Mais cette directive AIFM apportera-t-elle pour autant une importante manne financière ? Rien n’est moins sûr. Beaucoup craignent que de nombreux gestionnaires de fonds, notamment américains, soient effrayés par toutes ces réglementations – et la directive AIFM en est une parmi d’autres – et les coûts qu’elles engendrent et préfèrent opter pour des destinations peut-être plus exotiques mais moins contraignantes, moins coûteuses et avec un délai de mise sur le marché beaucoup plus court. Quitte à se séparer d’une partie de leur clientèle.

Au niveau européen, le Luxembourg a certes des cartes à jouer, ne fût-ce que par son multilinguisme, son terreau de compétences diverses et sa longue expérience dans la distribution transfrontalière des fonds. À cet égard, la Place financière est largement en avance sur ses pays voisins et même au-delà mais la comparaison ne tient plus lorsqu’on évoque l’Irlande. Domicilier ses fonds en Irlande est tout aussi intéressant sur le plan financier et les compétences à Dublin sont comparables à celles du Luxembourg. Quant à l’argument du multilinguisme, il devient relatif quand on sait que la majeure partie des fonds est d’origine anglo-saxonne. Les derniers chiffres de la CSSF de mars 2014 indiquent que les fonds d’investissement anglais et américains gèrent près des quarante pourcent des actifs nets de l’ensemble des OPC de droit luxembourgeois.

Au final, les avantages du Luxembourg et de l’Irlande sont pratiquement identiques, que ce soit au niveau de la directive AIFM ou des autres réglementations passées et à venir. La seule différence se situe au niveau de la notation : le Luxembourg détient le triple A. Ce n’est pas négligeable pour des investisseurs en recherche de sécurité et de stabilité. Toute la question est de savoir pendant combien de temps cet avantage concurrentiel restera pertinent. Le mois dernier, l’agence Moody’s a remonté de deux crans la note à long terme de l’Irlande : de Baa3 à Baa1. C’est surtout une question d’image et de marketing et la palme reviendra à celui qui saura mieux se vendre, estime Olivier Renault, country manager de Société Générale Securities Services au sein de Société Générale Bank & Trust.

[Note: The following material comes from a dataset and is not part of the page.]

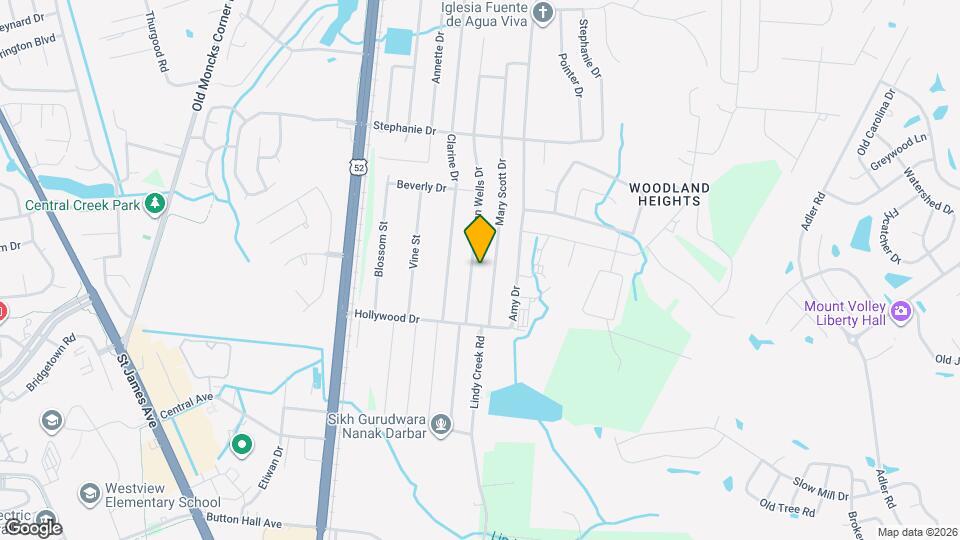 216 Jean Wells Dr Map and Location Details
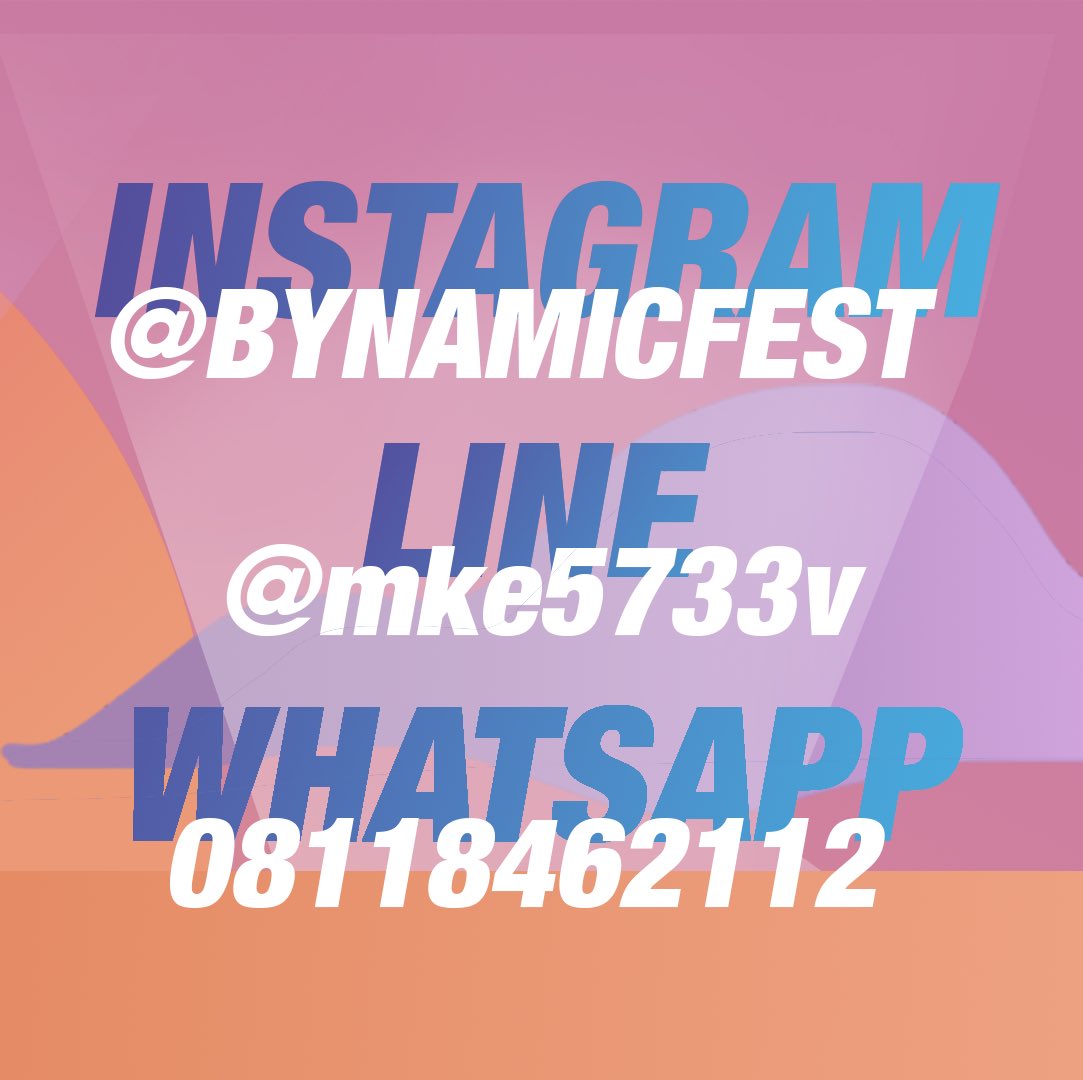 OUR PRESALE 1 TICKETS ARE NOW AVAILABLE FOR PURCHASE! 🎟
Get your hands 🙌 on our limited presale tickets for 45k by contacting us before they run out! Order yours NOW through INSTAGRAM, LINE, or WHATSAPP! 📲
Our #FantasiFuturistik awaits you in this year's #BynamicFest!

Les banques sont également concernées par la directive AIFM. Non seulement parce qu’elles proposent également des services de gestion à l’instar des sociétés de gestion spécialisées, mais aussi parce que leurs devoirs et responsabilités en tant que dépositaires ont été considérablement renforcés. Parmi leurs grandes missions figurent désormais l’obligation de cash monitoring (le suivi et le contrôle des mouvements de liquidité) sur tous les comptes des fonds d’investissement alternatifs et l’obligation de restitution des actifs. Or ce supplément de contraintes va à l’encontre d’une baisse des tarifs demandée par le marché. « Nos clients, les asset managers, sont soumis à une pression sur les coûts de la part de leurs clients et la répercutent sur leurs providers », poursuit Olivier Renault. « D’un autre côté, nous subissons toute une série de réglementations – AIFM mais aussi Fatca, Mifid II et bientôt Ucits V – qui engendrent des dépenses importantes. La complexité devient d’autant plus grande que, contrairement à ce que l’on pourrait croire, ces directives ne sont pas figées et évoluent constamment. Répondre à nos clients représente donc pour nous un véritable défi que nous relevons en les accompagnant dans la mise en place de solutions adaptées. »

Alors, la directive AIFM, une opportunité ? Au stade actuel, il est impossible de l’affirmer avec certitude. L’industrie des fonds, y compris le secteur des fonds alternatifs, connaît une croissance importante. Le Luxembourg et l’Irlande peuvent très bien cohabiter sans se livrer une guerre acharnée et les volumes semblent suffisants pour que les acteurs en place puissent gagner en profitabilité tout en respectant les directives édictées par Bruxelles. Mais il reste une inconnue et elle est de taille. Elle dépasse de loin la seule problématique des fonds alternatifs : quelle va être la réaction des investisseurs et des asset managers face à cette avalanche de réglementations et de coûts afférents ? Issus pour la plupart du monde anglo-saxon et d’Asie, il n’est pas du tout certain que ceux-ci soient prêts à sacrifier leurs marges ou leurs rendements sur l’autel de la protection des investisseurs.